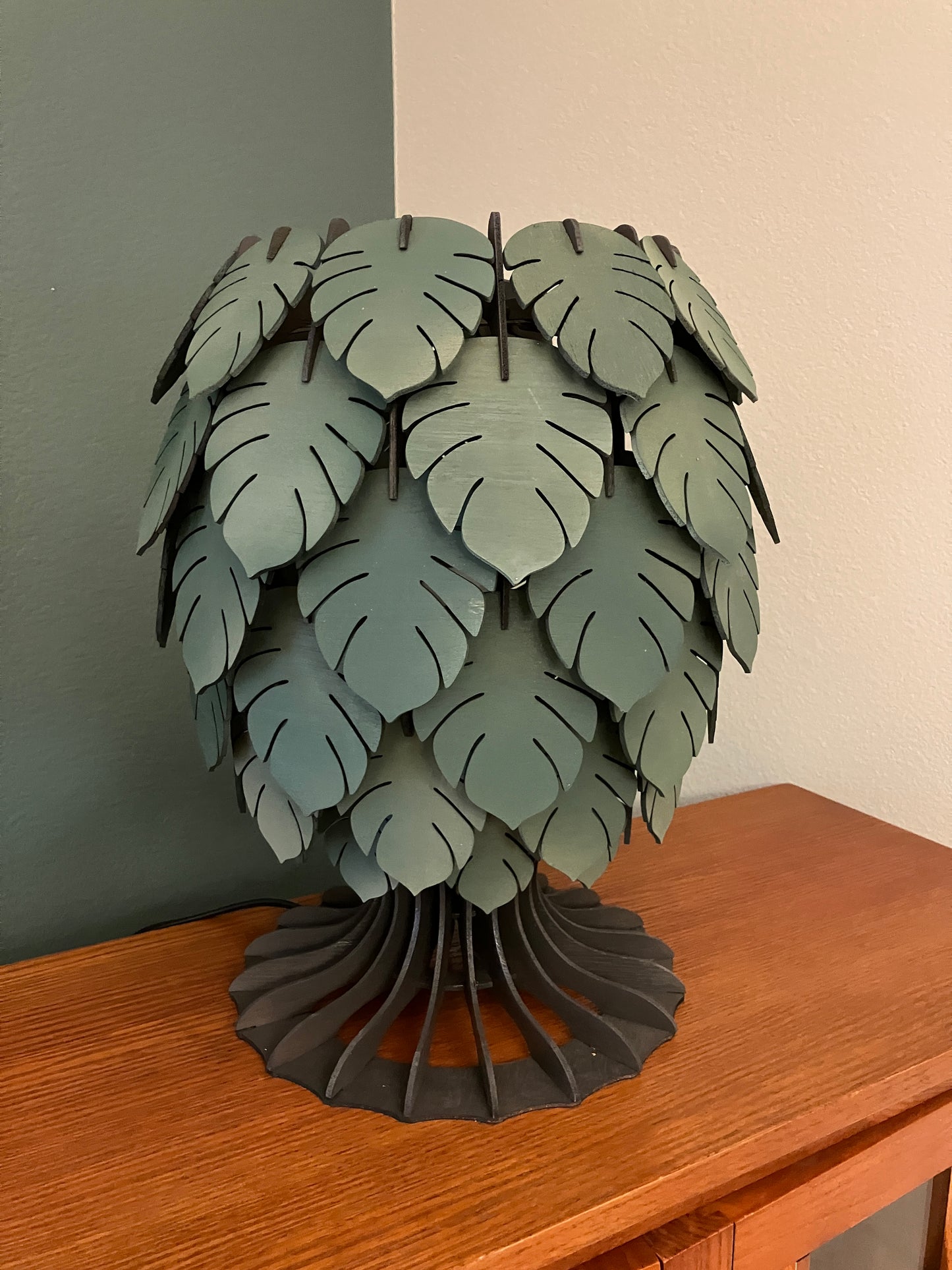 Wodden leaf lamp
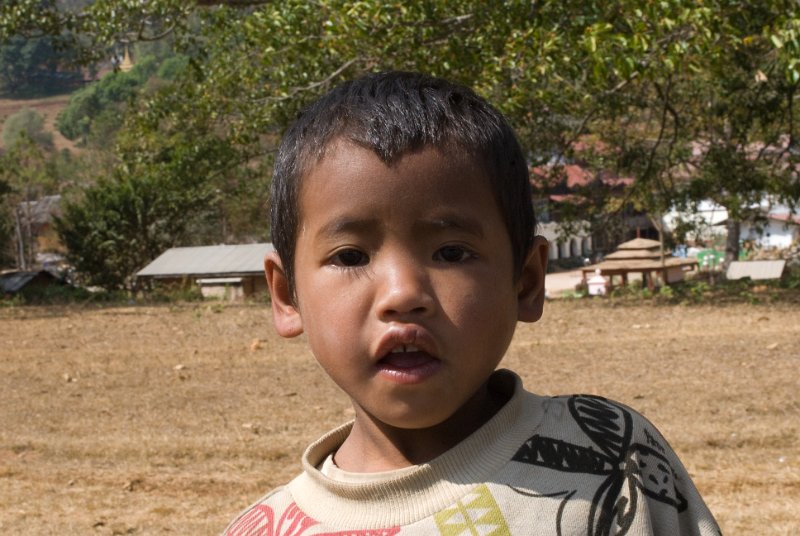 _DSC5291.jpg - inle lake - er versuchte sich mit uns zu unterhalten und ...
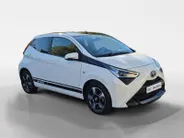 Toyota Aygo 1.0 VVT-i x-play | Airco | Bluetooth | Camera | 5 deurs | Zwart dak |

☆ ☆ ☆ ☆ ☆

## [Assigned task]
Write out the data above in full and exactly, but not the pictures.

## [Task output]
 Wodden leaf lamp
 _DSC5291.jpg - inle lake - er versuchte sich mit uns zu unterhalten und ...
 Toyota Aygo 1.0 VVT-i x-play | Airco | Bluetooth | Camera | 5 deurs | Zwart dak |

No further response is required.